[Crawled caption data]
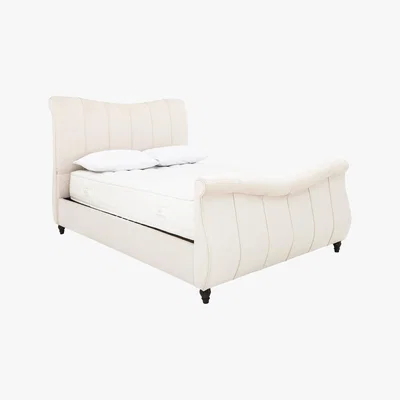 Furniture Village Belle Bed Frame - King Size - Cream - By Furniture Village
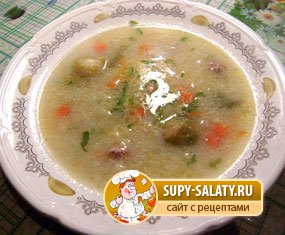 Овощной суп с сыром. Рецепт с фото
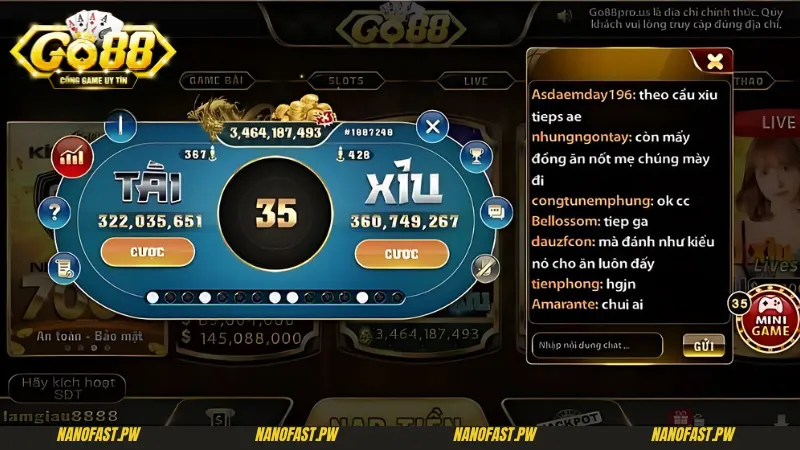 Kinh nghiệm hướng dẫn cách chơi Tài xỉu Go88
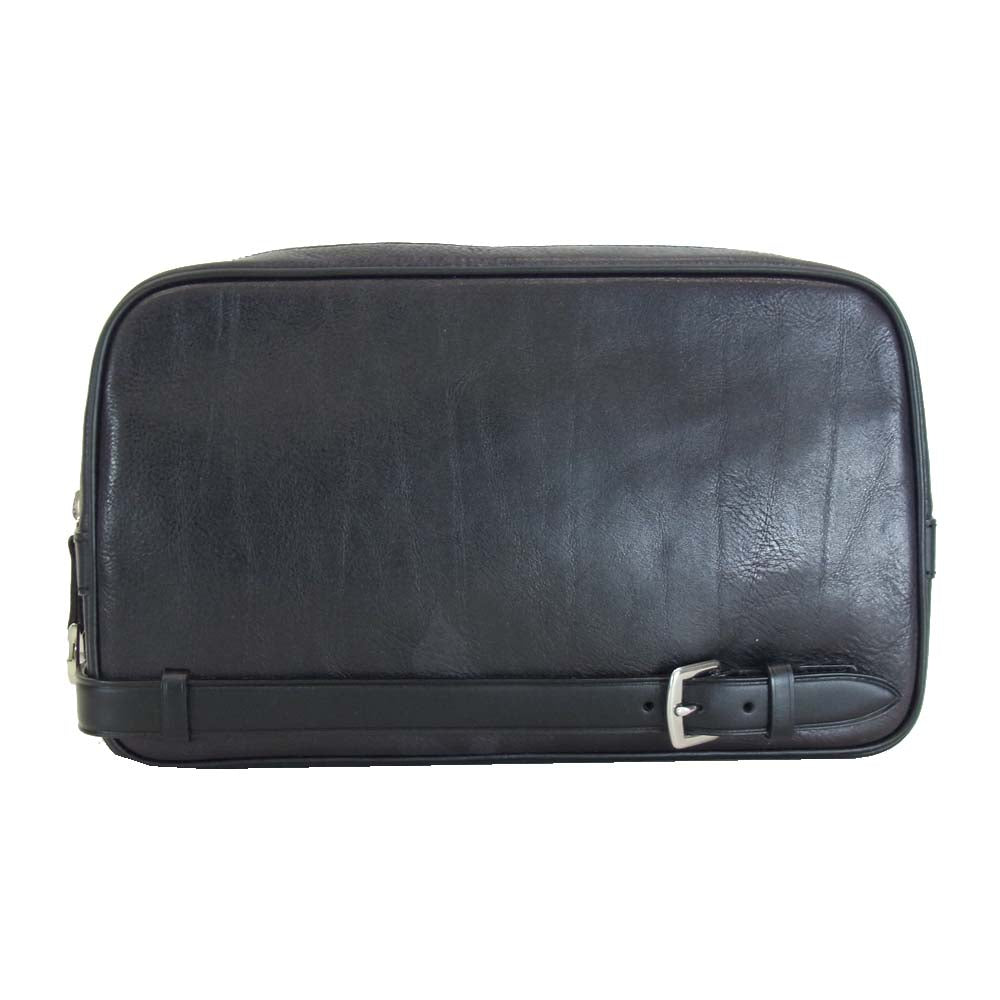 ソメスサドル 未使用 ルヴァード レザー クラッチ バッグ ブラック系【極上美品】【中古】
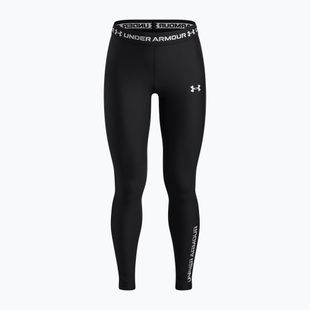 Children's leggings Under Armour HeatGear Graphic Leggings black/white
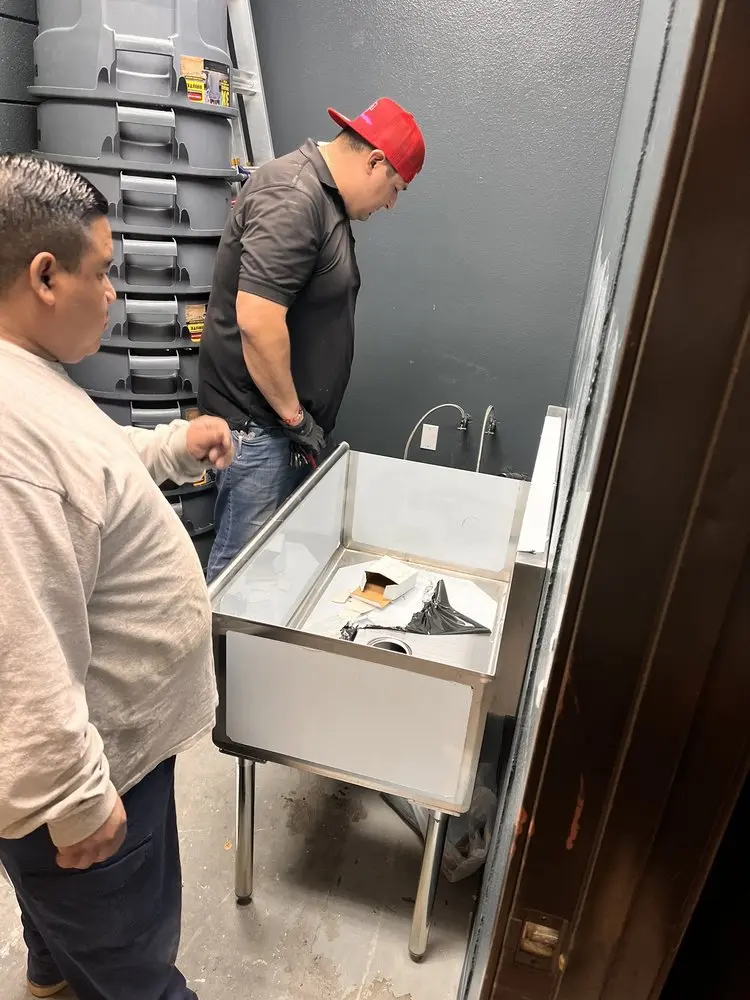 Commercial plumbing and sink installation in Lang Ranch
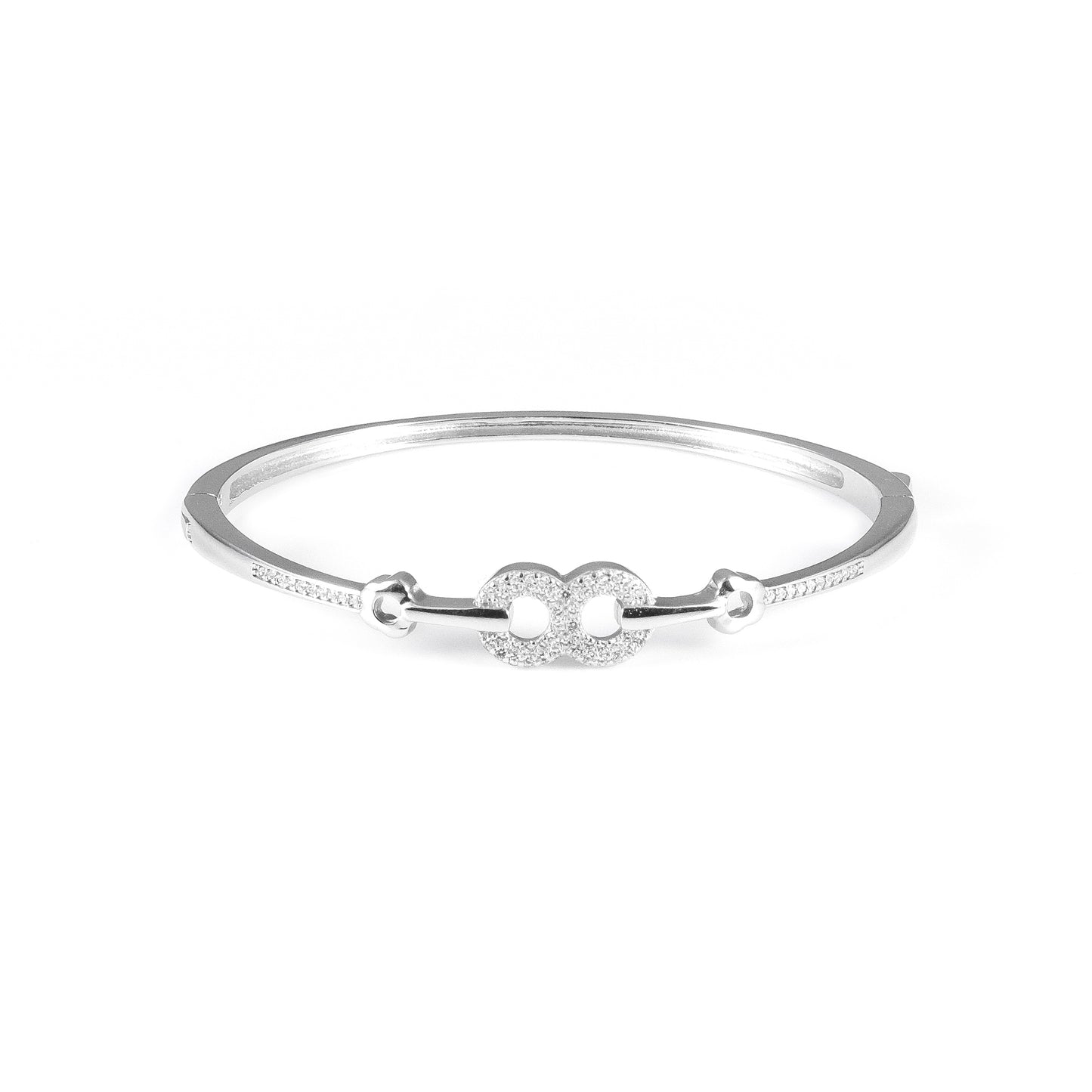 92.5 Silver Cute Designer Bangle Bracelet for Women | Sterling Silver Jewelry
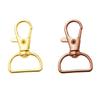 10 Stück Lanyard Karabinerhaken Schlüsselanhänger Cliphaken Drehhaken Metall Hummerverschluss für Nähen Schmuck DIY Bastelzubehör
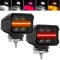 LED Lumini de lucru 12V 24V 25W 2200lm pentru Camion tractor Suv 4x4 Combo Spot/Flood Alb/Rosu/Galben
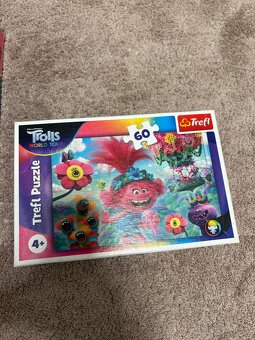 Detske puzzle frozen / trolovia - 4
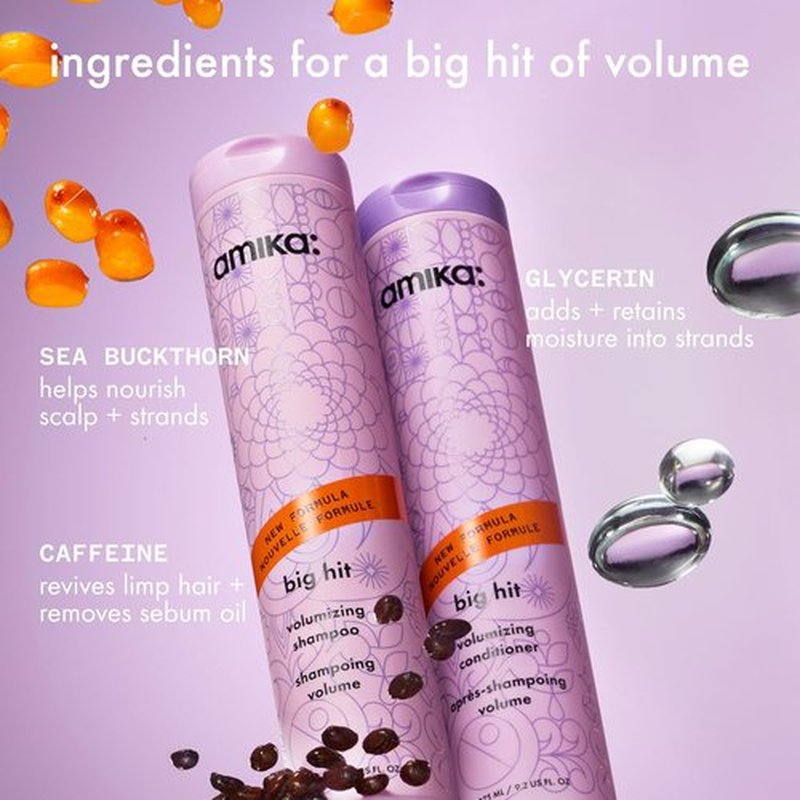 Amika Big Hit Volumizing Conditioner - Boost Volume & Shine | 10.1 Fl Oz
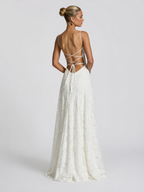 Isadora – Floral Print Maxi Dress with Thin Straps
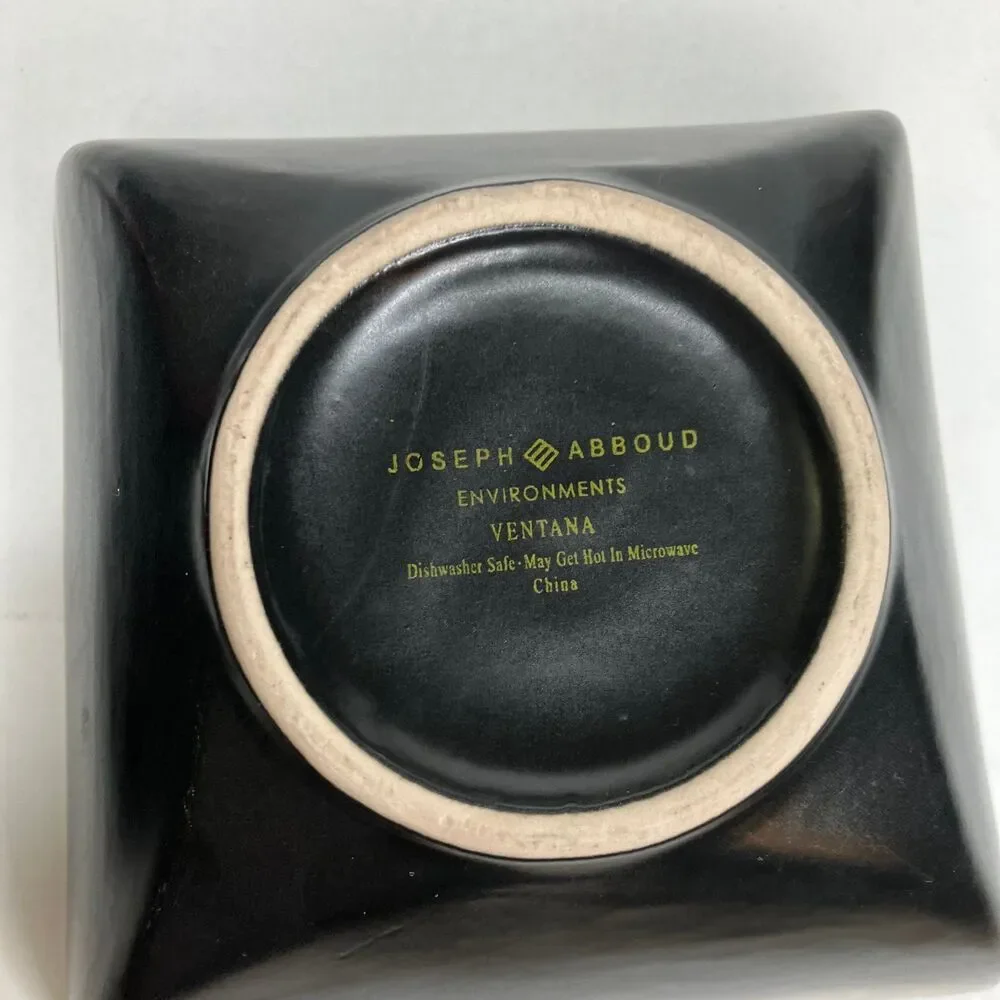Set of 3 Joseph Abboud Stoneware Ventana Square Soup or Cereal Bowls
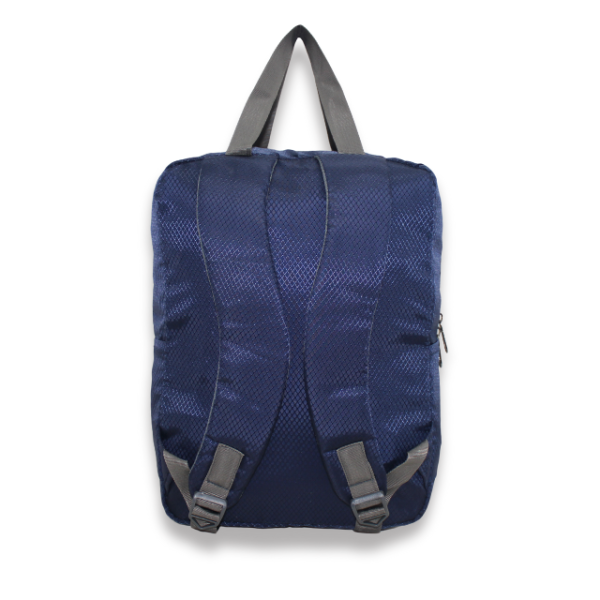 Multi-Pocket Daypack with Broad Straps & Dual Handles (Navy Blue Color) - Image 4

## WORK ORDER
Starting at the line containing "Children's leggings Under" and stopping at the line containing "92.5 Silver Cute", output each line exactly as it appears above. Leave out the pictures.

## ANSWER AREA
 Children's leggings Under Armour HeatGear Graphic Leggings black/white
 Commercial plumbing and sink installation in Lang Ranch
 92.5 Silver Cute Designer Bangle Bracelet for Women | Sterling Silver Jewelry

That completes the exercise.